**Brief:** For the material below, reproduce exactly each line from the one that has "마이크를 잡은 에바 스트라트 / 이미지 출처: 소니 픽처스" through the one that has "Rumah Cantik Pantai Indah Kapuk, Siap Huni", and no others; pictures stay out.

**Dataset content:**
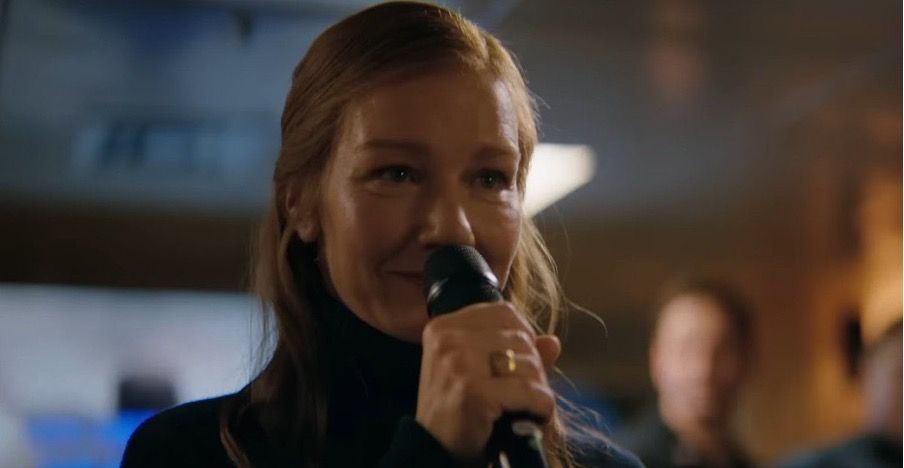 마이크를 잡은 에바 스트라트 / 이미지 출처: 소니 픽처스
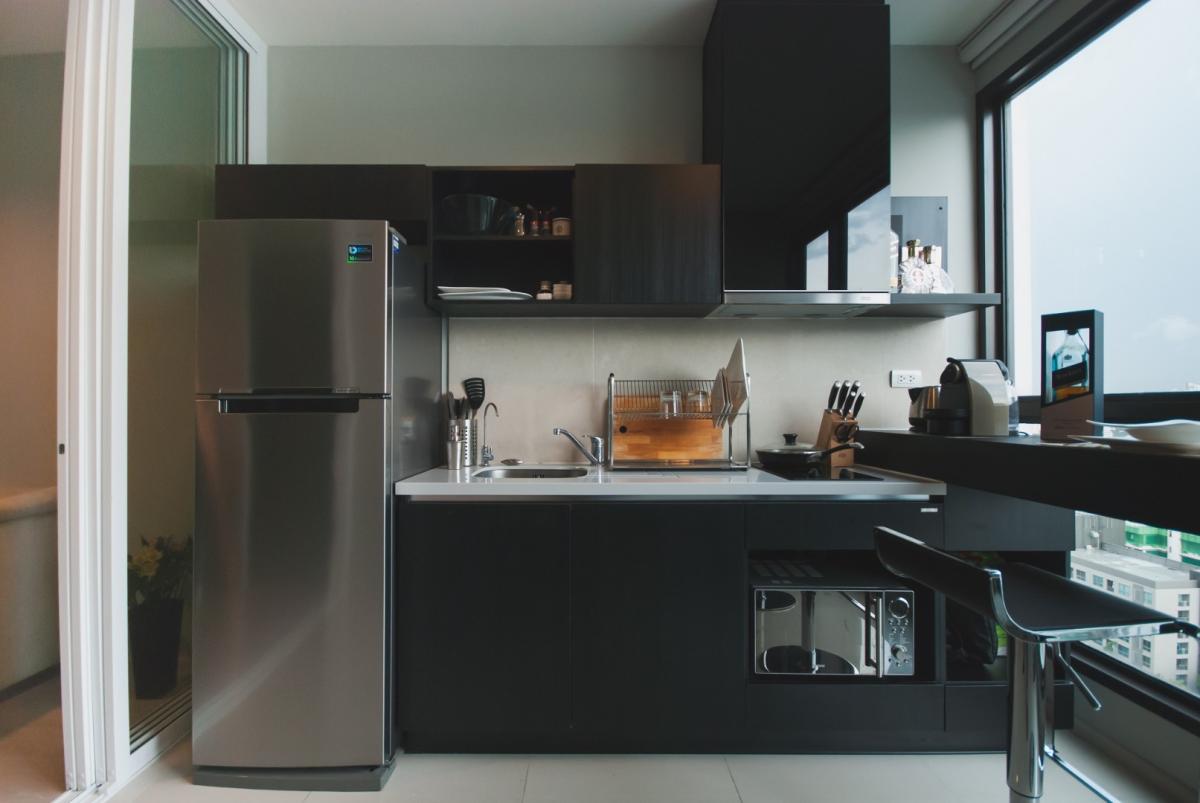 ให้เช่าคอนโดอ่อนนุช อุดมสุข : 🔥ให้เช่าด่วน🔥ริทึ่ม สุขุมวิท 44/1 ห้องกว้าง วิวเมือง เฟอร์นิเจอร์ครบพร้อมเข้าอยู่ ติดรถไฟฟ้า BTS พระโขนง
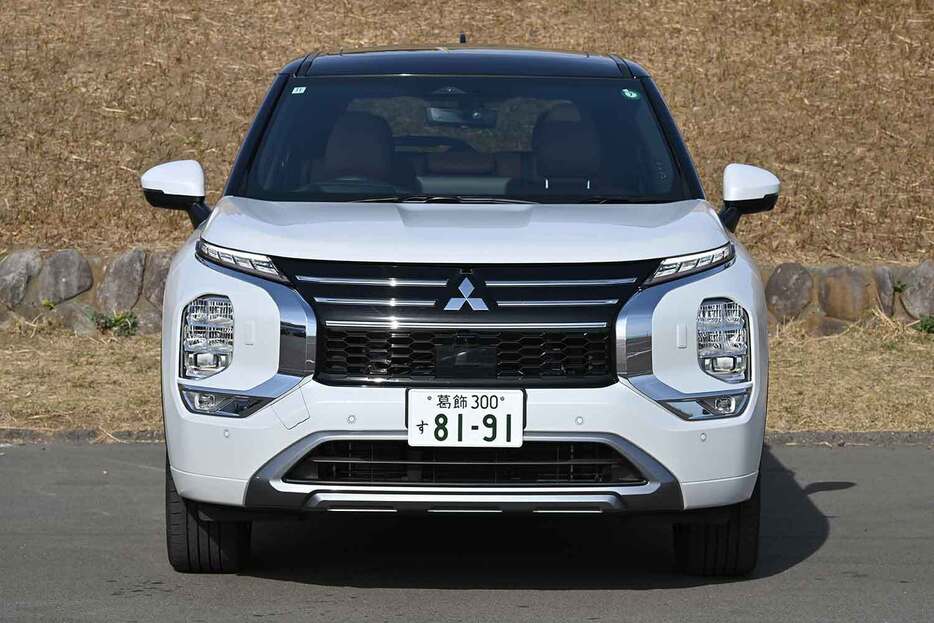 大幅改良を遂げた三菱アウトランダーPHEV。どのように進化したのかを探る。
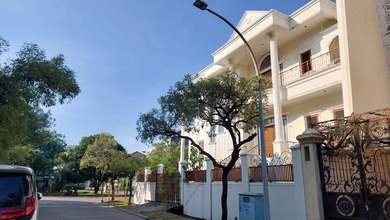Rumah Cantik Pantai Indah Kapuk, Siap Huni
...
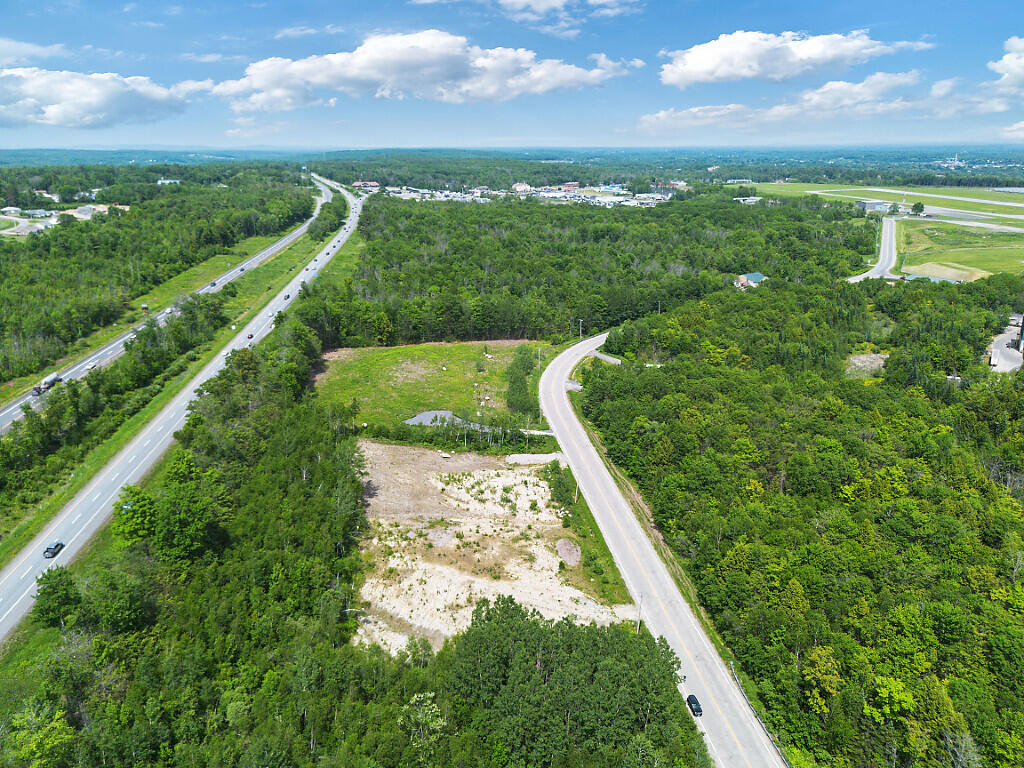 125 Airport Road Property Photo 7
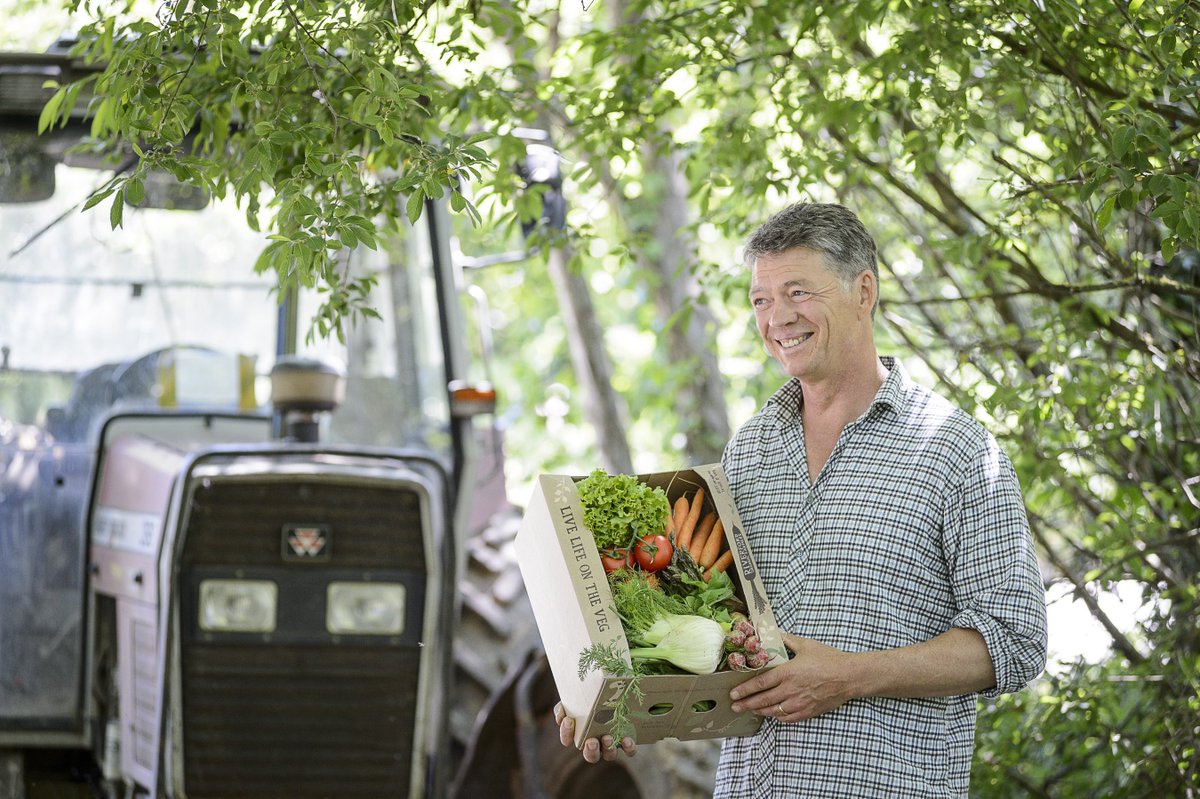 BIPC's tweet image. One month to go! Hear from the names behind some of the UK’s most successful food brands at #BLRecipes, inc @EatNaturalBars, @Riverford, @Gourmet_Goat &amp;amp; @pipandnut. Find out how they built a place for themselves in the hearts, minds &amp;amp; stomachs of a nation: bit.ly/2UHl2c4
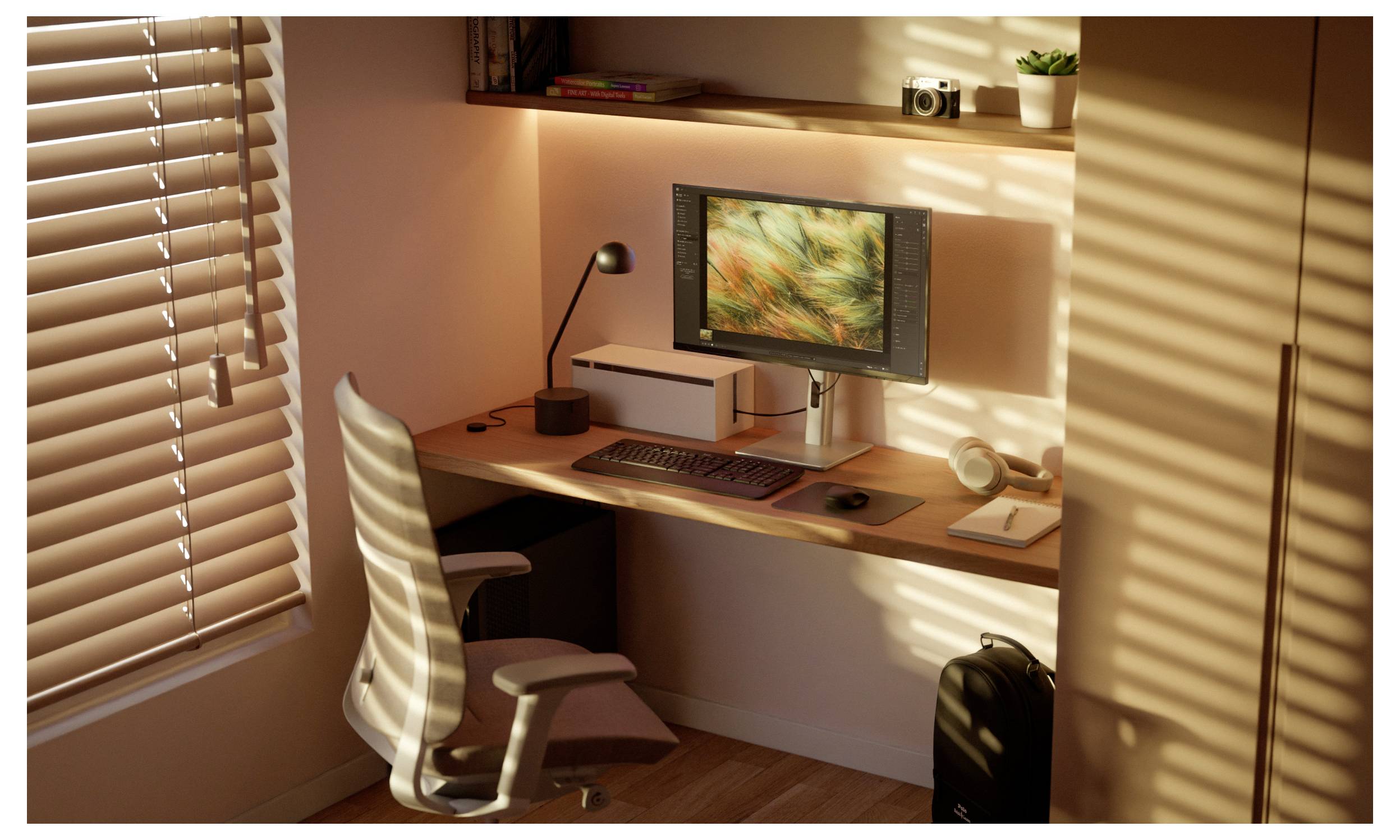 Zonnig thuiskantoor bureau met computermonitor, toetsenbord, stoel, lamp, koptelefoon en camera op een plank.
==
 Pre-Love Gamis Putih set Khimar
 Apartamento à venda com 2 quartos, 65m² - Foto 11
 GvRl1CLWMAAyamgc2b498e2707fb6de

**Written solution:**
 마이크를 잡은 에바 스트라트 / 이미지 출처: 소니 픽처스
 ให้เช่าคอนโดอ่อนนุช อุดมสุข : 🔥ให้เช่าด่วน🔥ริทึ่ม สุขุมวิท 44/1 ห้องกว้าง วิวเมือง เฟอร์นิเจอร์ครบพร้อมเข้าอยู่ ติดรถไฟฟ้า BTS พระโขนง
 大幅改良を遂げた三菱アウトランダーPHEV。どのように進化したのかを探る。
Rumah Cantik Pantai Indah Kapuk, Siap Huni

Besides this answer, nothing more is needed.